DATA EXTRACTS:

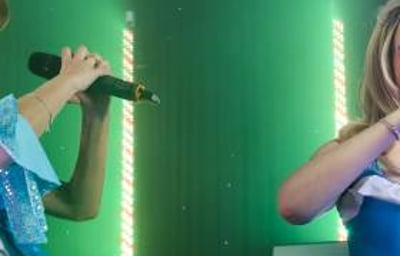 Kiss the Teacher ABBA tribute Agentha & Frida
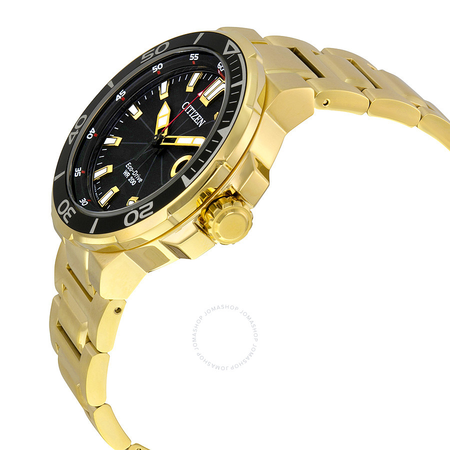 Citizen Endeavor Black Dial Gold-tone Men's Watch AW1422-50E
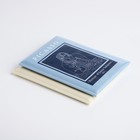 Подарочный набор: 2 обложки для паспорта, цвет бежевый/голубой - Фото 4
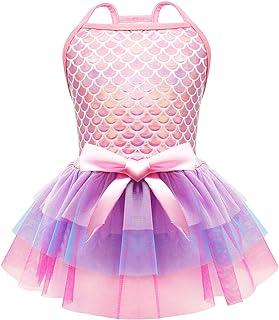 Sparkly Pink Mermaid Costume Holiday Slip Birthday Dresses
---
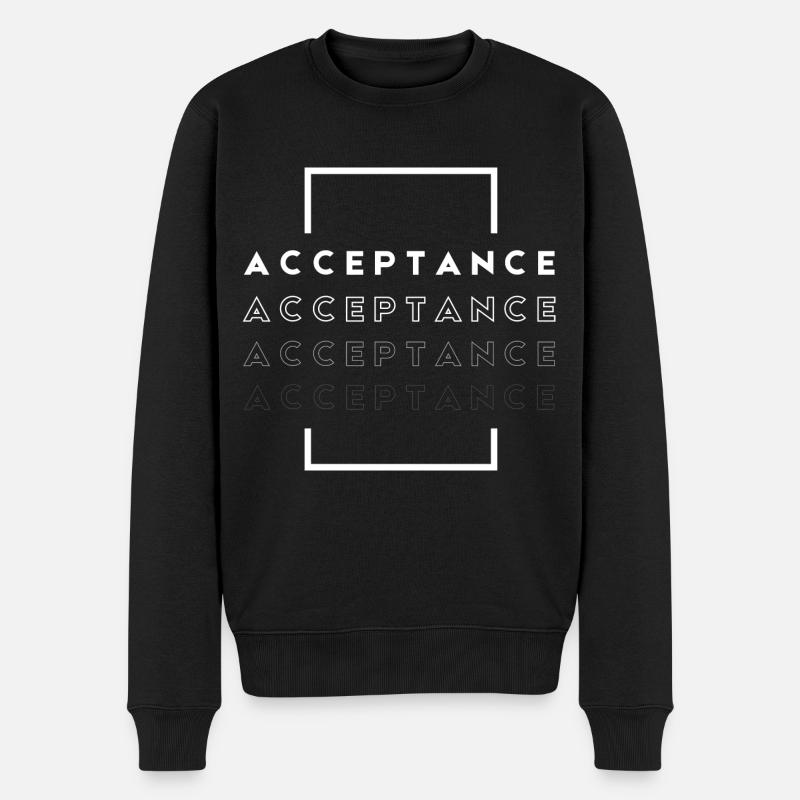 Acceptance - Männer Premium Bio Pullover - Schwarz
...
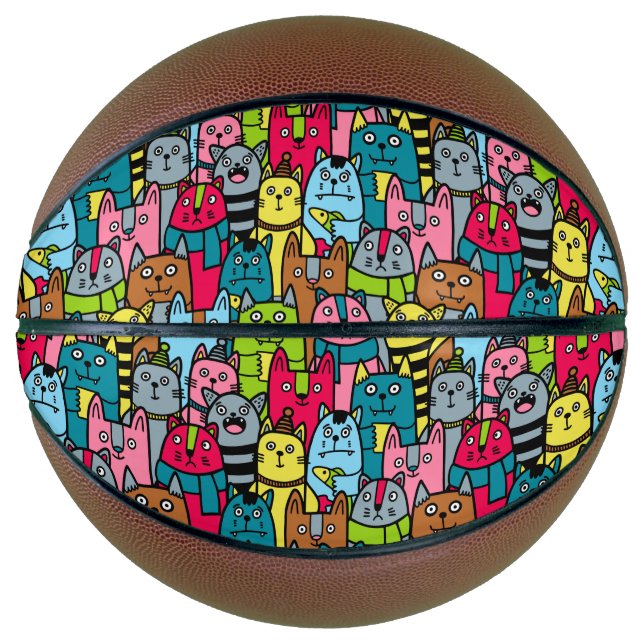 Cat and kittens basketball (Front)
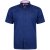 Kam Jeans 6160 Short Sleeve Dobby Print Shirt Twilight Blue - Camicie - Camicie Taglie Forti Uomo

ASSIGNMENT:
Using the entries above, extract exactly the lines from the one that contains "Kiss the Teacher" through the one that contains "Sparkly Pink Mermaid". Do not carry over any pictures.

RESPONSE TO THIS TASK:
 Kiss the Teacher ABBA tribute Agentha & Frida
 Citizen Endeavor Black Dial Gold-tone Men's Watch AW1422-50E
 Подарочный набор: 2 обложки для паспорта, цвет бежевый/голубой - Фото 4
 Sparkly Pink Mermaid Costume Holiday Slip Birthday Dresses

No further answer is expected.